Z Morisem było tak samo, o niczym babcia nie wiedziała. Najpierw był ogromny szok (że jak? że pies w domu?), a teraz babcia jest pierwszą osoba, która go dokarmia... A najgorsze jest to, że ona ciągle daje mu coś do jedzenia za nic, nie rozumie, że tak nie wolno, więc Moris ciągle za nią lata, lubi ją, a ja wiem, że gdyby mu coś się stało, to ona w ogóle by się tym nie przejęła...

Mała robi postępy, dzisiaj zaczepiała Morisa i bawiła się się zabawką!!! No i Morisowi trochę się dostaje, jak jest zbyt natrętny :) Ale mimo wszytko jestem z niego dumna, dzisiaj np. rano na spacerze biegał z suczką ON-ka i był bardzo grzeczny. Choć na smyczy ujadał jak szalony... Gdyby tylko było więcej takich właścicieli, którzy pozwoliliby wykorzystać swoje psy, byłoby mi łatwiej. No ale mają prawo się bać takiego szczekacza... Mimo wszystko w życiu nie przypuszczałam, że dwa psy z problemami będą miały tak dobre relacje!

Madziuja - 22-12-2010, 16:16

Palinka, przeczytalam cala historie i bardzo sie ciesze,za sunia miala tyle szczescia ze stanelas na jej drodze.Jestes naprawde wspaniala jak i wspaniale jest to co robisz ;*
agata01510 - 23-12-2010, 06:50

Palinka napisał/a:
Mimo wszystko w życiu nie przypuszczałam, że dwa psy z problemami będą miały tak dobre relacje!

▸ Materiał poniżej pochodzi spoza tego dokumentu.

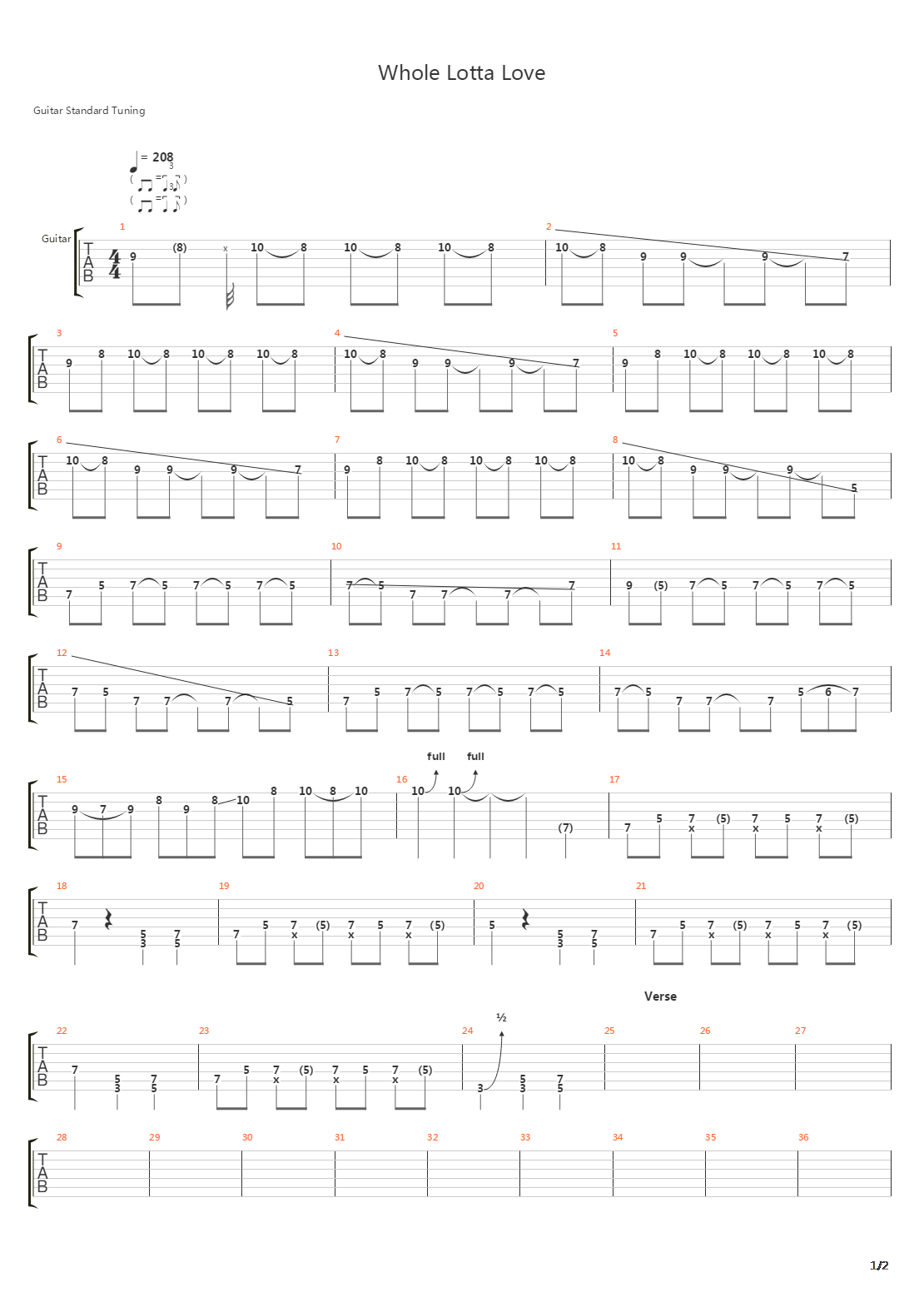 Whole Lotta Love Tsrts吉他谱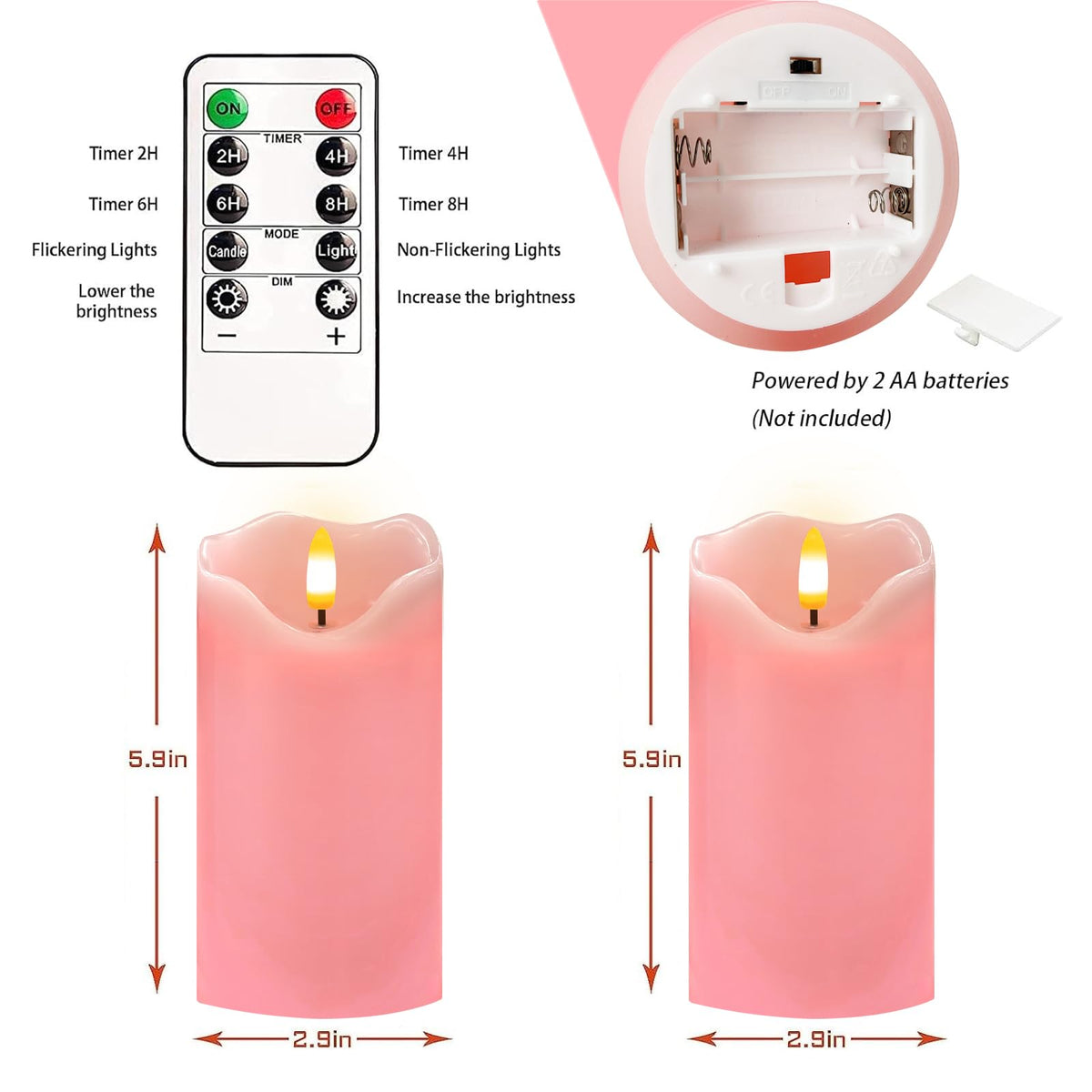 VEEKI pink flameless candles gift packaging ready for gifting.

Kto się czubi,ten się lubi :D :D :D Pozdrawiam Was serdecznie życząc Wesołych i rodzinnych świąt ;* ;* ;*

[ Dodano: Czw 23 Gru, 2010 ]
Ja dziś wyjeżdżam do siostry na święta z moimi pieskami a tam trzy kociaki Zuzia,Tygrys i Prince i dwa psiaki sunia Emi i piesek Jerry plus moje dwa,więc śmiałyśmy sie z siostrą bo zwierzaków będzie więcej niż ludzi :D :D :D

ewusia81 - 23-12-2010, 09:04

W calej tej historii z happy endem zastanawiam sie tylko czy tamci wlasciciele poniosa jakas kare w zwiazku z sunia i jej bratem. Palinka wiesz cos na ten temat?? Czy TOZ zamierza wyciagnac jakies prawne konsekwencje??
Palinka - 23-12-2010, 23:31

ewusia81, no właśnie to ode mnie zależy, czy zgłoszę to do TOZ-u czy nie... Wtedy nie podałam jeszcze adresu... Jeszcze trochę go poobserwuję, obiecał, że będzie bardziej dbał o owczarki, że będzie nas informował o każdym wyjeździe i że nie kupi następnego psa... Ale nie wiem czy mogę mu wierzyć...

Sunia była dzisiaj u weterynarza, jest zaszczepiona, zaczipowana, ma paszport... Już może jechać do domku :( Nie wiem jak ja się z nią rozstanę :cring: Gdyby tylko mogła zostać w Polsce, nieważne jak daleko, zawsze kiedyś mogłabym ją odwiedzić, a tak... :(

Ogólnie wizyta u weterynarza była dla niej koszmarem :( Począwszy od samochodu, do którego ostatecznie trzeba było ją wsadzić, przez gabinet, do którego panicznie bała się wejść, a skończywszy na innych psach i własnym odbiciu na szklanych drzwiach, które strasznie obszczekiwała :(

Dzisiaj jest pierwszy raz w domu, panicznie boi się schodów, przez cały dzień zwiedziła tylko mój pokój i kuchnię, dalej nie jest w stanie dojść, nawet za parówkę... Przesuwa przednie łapy, tylne dosłownie ciągnie za sobą... Do tego ciągle piszczy... Teraz dopiero usnęła.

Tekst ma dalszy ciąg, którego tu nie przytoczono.